Tudo somado, pode concluir-se que o investimento editorial foi fraco e discutir-se se foi o adequado. Admitindo que esta é ‘matéria de grande sensibilidade’, o director adjunto Manuel Carvalho garante que o facto de se tratar de um festival que decorre no Porto ‘não implica, por isso, qualquer tipo de discriminação’. Assegura que ‘os grandes eventos culturais da cidade (…) têm no PÚBLICO um tratamento semelhante aos que ocorrem (…) em Lisboa ou qualquer outra cidade do país’. E coloca o problema no plano da relevância jornalística.

Reconhecendo que o Fantasporto ‘é um sucesso em termos de público’ e ‘um importante factor de animação cultural da cidade, o que justifica a atenção da secção Local’, o director adjunto explica a opção do jornal: ‘O relevo concedido a eventos culturais depende não apenas do seu sucesso junto do público, mas também da sua importância artística, ou cultural.
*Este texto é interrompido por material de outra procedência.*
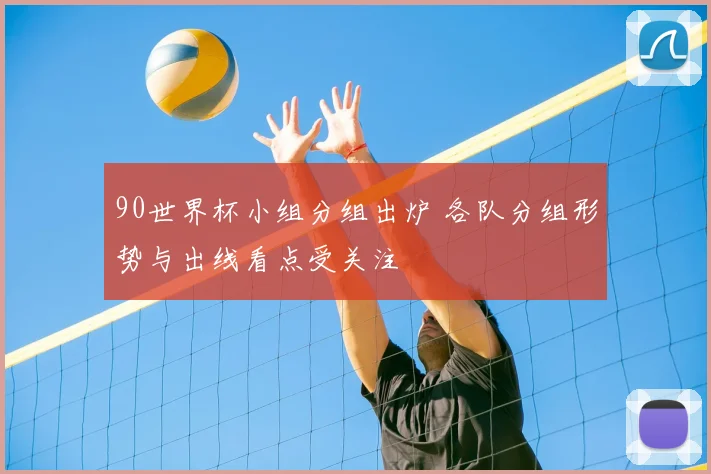 90世界杯小组分组出炉 各队分组形势与出线看点受关注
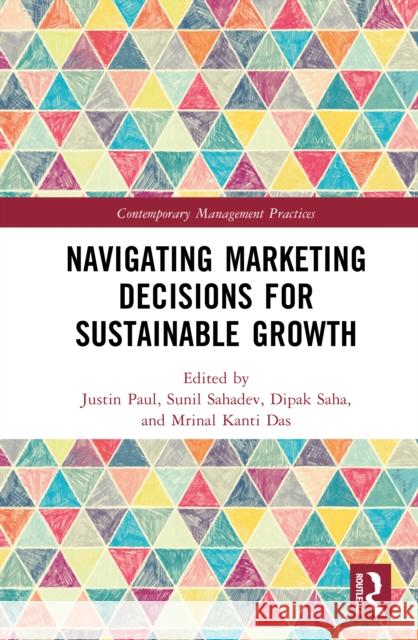 Navigating Marketing Decisions for Sustainable Growth Justin Paul Sunil Sahadev Dipak Saha 9781041206156 Routledge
Não se pode ignorar um festival de relevância cultural discutível que mobiliza 100 mil pessoas, como tem de se valorizar um acontecimento de evidente valor artístico que convoca 200 ou 300. (…) Se até 2004/2005 o Fantasporto era, de facto, um festival de impacte nacional e internacional (e nesses anos era inclusivamente primeira página do suplemento ípsilon), nos últimos anos, no nosso entendimento, foi perdendo parte desse fulgor’.

Fica explicada com clareza a opção editorial. É legítima e cabe aos leitores julgá-la. Por mim, noto que haveria outras formas de a afirmar, a começar pela aposta no acompanhamento crítico do festival. Julgo que o seu ‘sucesso em termos de público’, não sendo determinante no plano da avaliação artística, justificaria uma cobertura que fosse além da apresentação rotineira do programa e das notas de reportagem sobre a procura de bilhetes. E penso que não deveria ser subestimado o factor de proximidade territorial que está aqui presente para uma parte muito significativa dos leitores. Segundo me informa a direcção, a edição Porto representa quase metade (45%) das vendas do jornal impresso, e esse facto deverá pesar nas escolhas editoriais.

Finalmente, e regressando à queixa do leitor, a secção Local não é um espaço menor do jornal. Faz parte da matriz editorial do PÚBLICO dar às notícias de proximidade, sobretudo nas grandes áreas metropolitanas, o tratamento próprio de um jornal de referência. Mas faz igualmente parte dessa matriz — e portanto da natural expectativa dos que fizeram deste o ‘seu’ jornal — a comunicação sem barreiras entre regiões. No caso de um festival de cinema, faz pouco sentido que o espaço territorial onde decorre seja um critério que, no plano da paginação, prevaleça sobre o interesse que o tema pode despertar a leitores de todo o país. A publicação de peças sobre o Fantasporto no Local, para além de poder contrariar hábitos de leitura, significa sobretudo que essas notícias não chegarão (a não ser, por vezes, em forma de resumo) a um pouco mais de metade dos leitores. Que o facto possa causar estranheza é tanto mais compreensível quanto é a própria reportagem do PÚBLICO que dá conta, em notícia só publicada a norte, de que abundam nas bilheteiras do festival os cinéfilos vindos do sul.’